Sampling from a diffusion model is an iterative process that progressively denoises the data. Following Eq (12) in Song et al. (2020), the denoising step at $ t $ is formulated as: \[ \begin{equation} \begin{aligned} z_{t-1} = & \sqrt{{{\alpha}}_{t-1}} \left( \frac{z_t - \sqrt{1 - {{\alpha}}_t} \varepsilon_{\theta}(z_t, t)}{\sqrt{{\alpha}}_t} \right) \quad \text{(predicted } z_0 \text{)} \\ & + \sqrt{1 - {\alpha}_{t-1} - \sigma_t^2} \cdot \varepsilon_{\theta}(z_t,t) \quad \text{(direction to } z_t \text{)} \\ & + \sigma_t \varepsilon_t\quad \text{where } \varepsilon_t \sim \mathcal{N}(0,\mathcal{I}) \quad \text{(random noise)} \end{aligned} \end{equation} \]

DDPM sampling introduces a noise schedule $\sigma_t$ so that Eq (3) becomes Markovian. By setting $\sigma_t$ to vanish, DDIM sampling results in an implicit probabilistic model with a deterministic forward process.

Following DDIM, we can use the function $f_\theta$ to predict and reconstruct $\bar{z_0}$ given $z_t$: \[ \begin{equation} \bar{z}_0 = f_\theta(z_t, t) = \left(z_t - \sqrt{1 - {\alpha}_t} \cdot \varepsilon_\theta(z_t, t) \right) / \sqrt{{\alpha}_t} \end{equation} \]

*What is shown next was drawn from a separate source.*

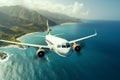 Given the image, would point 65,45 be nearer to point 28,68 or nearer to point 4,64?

Recently, Latent Diffusion Models (LDMs) offer a new paradigm by operating in the latent space. The source latent $z_0$ is acquired by encoding a sample $x_0$ with an encoder $\mathcal{E}$, such that $z_0 = \mathcal{E}(x_0)$. So as to be reversed, the output can then be reconstructed by a decoder $\mathcal{D}$. This framework presents a computationally efficient way to generate high-fidelity images, as the diffusion process is conducted in a latent space with lower dimensions.

Consistency Models

Consistency models (CMs) have recently been introduced, which greatly accelerate the generation process compared with previous DMs. One notable property of CMs is self-consistency, such that samples along a trajectory map to the sample initial. The key is a consistency function $f(z_t, t)$, which ensures a consistent distillation process by optimizing: \[ \begin{equation} \min_{\theta,\theta^{-};\phi} \mathbb{E}_{z_0,t} \left[d\left(f_{\theta}(z_{t_{n+1}}, t_{n+1}), f_{\theta^{-}}(\hat{z}^{\phi}_{t_{n}}, t_{n})\right)\right] \end{equation} \]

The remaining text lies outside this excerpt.